Daniel Wallace is the author of six novels. In 2019, he won the Harper Lee Award and is currently directing the Creative Writing Program at the University of North Carolina at Chapel Hill. "Always" is in Short Circuit #02, Short Édition's quarterly review.

They went out for a coffee and then the next night went out for dinner and the next they didn't go anywhere but to her apartment where they had a massively wonderful night in bed. The sex was nightly after that for weeks, and when he spent the night they did it in the morning as well. He stumbled through the day half-numb, his brain filled with cobwebs. He felt like he lived far away now, in a foreign country, a world where only two people lived, she and him, and they were having sex in it all the time, and they were exhausted and their lips were raw, almost bleeding, from kissing so long and hard.

Her name was Marney.

He loved her name.

Three weeks into it they had a conversation. They were in bed staring at the ceiling, a sheet draped across their chests.  She said, out of nowhere, almost kind of laughing before she said it, "It always starts off like this with me. With a bang."

Het let that sit there for a second. "What do mean," he said. "'Always.'"

"What?"

"What do you mean. Always."

She shrugged. "Nothing. Just that this is the way it always seems to happen. With a bang and then – "

"It just – "

"Yeah."

He sighed. "Sure," he said. "It can't stay like this forever.

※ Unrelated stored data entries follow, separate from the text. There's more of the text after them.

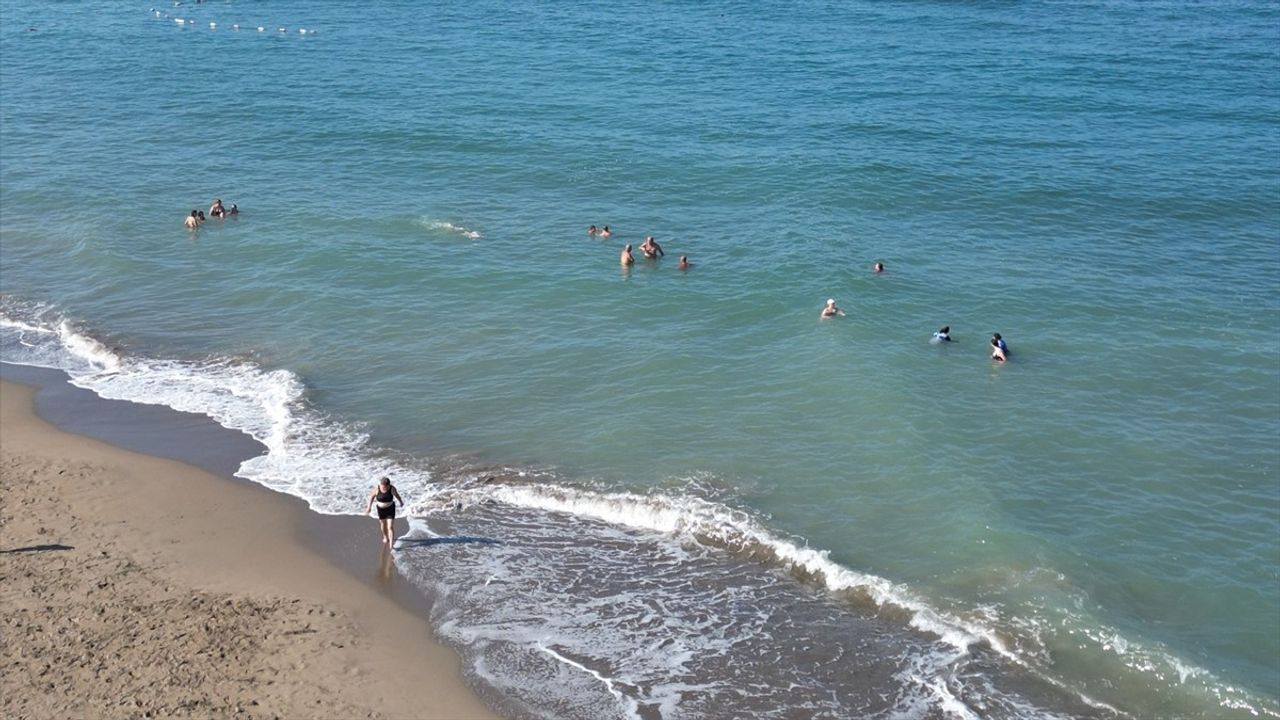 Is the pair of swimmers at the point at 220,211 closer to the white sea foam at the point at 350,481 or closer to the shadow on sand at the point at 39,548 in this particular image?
the white sea foam at the point at 350,481

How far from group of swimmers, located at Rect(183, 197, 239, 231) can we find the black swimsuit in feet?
67.5

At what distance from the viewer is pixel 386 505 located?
20734 millimetres

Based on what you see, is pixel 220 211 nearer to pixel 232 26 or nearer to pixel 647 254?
pixel 647 254

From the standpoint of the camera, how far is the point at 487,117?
46750mm

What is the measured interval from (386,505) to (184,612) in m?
3.78

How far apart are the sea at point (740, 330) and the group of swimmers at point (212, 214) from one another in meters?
0.64

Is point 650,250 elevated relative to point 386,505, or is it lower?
elevated

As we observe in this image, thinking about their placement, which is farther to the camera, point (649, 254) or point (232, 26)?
point (232, 26)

We'd probably die. But when you said always – "

"It's like a character trait or something." She kind of laughed.

"But always. That implies it happens – I don't know – a lot?"

"What happens?"

"This," he said. "Us."

"Oh." She considered it. Played with the idea for a second. "I don't mean us. We're not like anything. We're us."

"But in general. Generically. You mean always all the time when something like this happens. Just, ‘always' sounds like a lot, Marney. When you put it that way."

"Always doesn't mean a lot. Necessarily. Even if it only happened twice and I'd only done it twice that would be ‘always.'"

"So this is . . . the second time?"

"I didn't say that."

"So then – "

"More. I guess more. But – "

He had one thought then, a kind of mantra. Don't ask how many don't ask how many don't ask how many don't ask how many don't ask how many don't ask how many don't ask how many don't ask how many don't ask how many don't ask how many.

"How many?"

"I knew you were going to ask me that."

They lay there quietly for a little bit longer. "How did you know?" he said.

"Know what?"

"That I was going to ask you that."

"Because. They always do."

"They? Always?"

It was getting worse.

"I meant – "

"I withdraw the question," he said.

"You can't withdraw the question. This isn't like a court of law."

"What is it?"

"What? What is what?"

"This. Here. What we are. Now. Whatever it is. What is it? What do you want it to be? Tomorrow, the next day, in a week, a year. What?"

She didn't answer his question. He hadn't looked at her while they were talking, he couldn't, staring instead at a crack in the ceiling, but now he did. He turned his head her way. She was sad, he could tell, and deep inside of herself. He could almost hear her thinking. God, she was so beautiful. He had never been with anyone as beautiful as Marney and if something happened to them he knew he was never going to be with someone quite so beautiful again. She must have felt him looking at her, but she didn't look at him or even seem to know he was still there. Finally, she slipped out from under the sheet and sat on the side of the bed with her back to him. Long and thin and soft, pale, maybe a little boyish with her hair the way she wore it, so short and brown, scapula like a pair of sleeping eyes. She didn't move a muscle, but she was leaving him as he looked at her, returning to the place she came from. "You should go," she said, and he knew she was right. He was a visitor here after all, a tourist, the guy who does the thing a tourist does: sees the ruins, then goes home.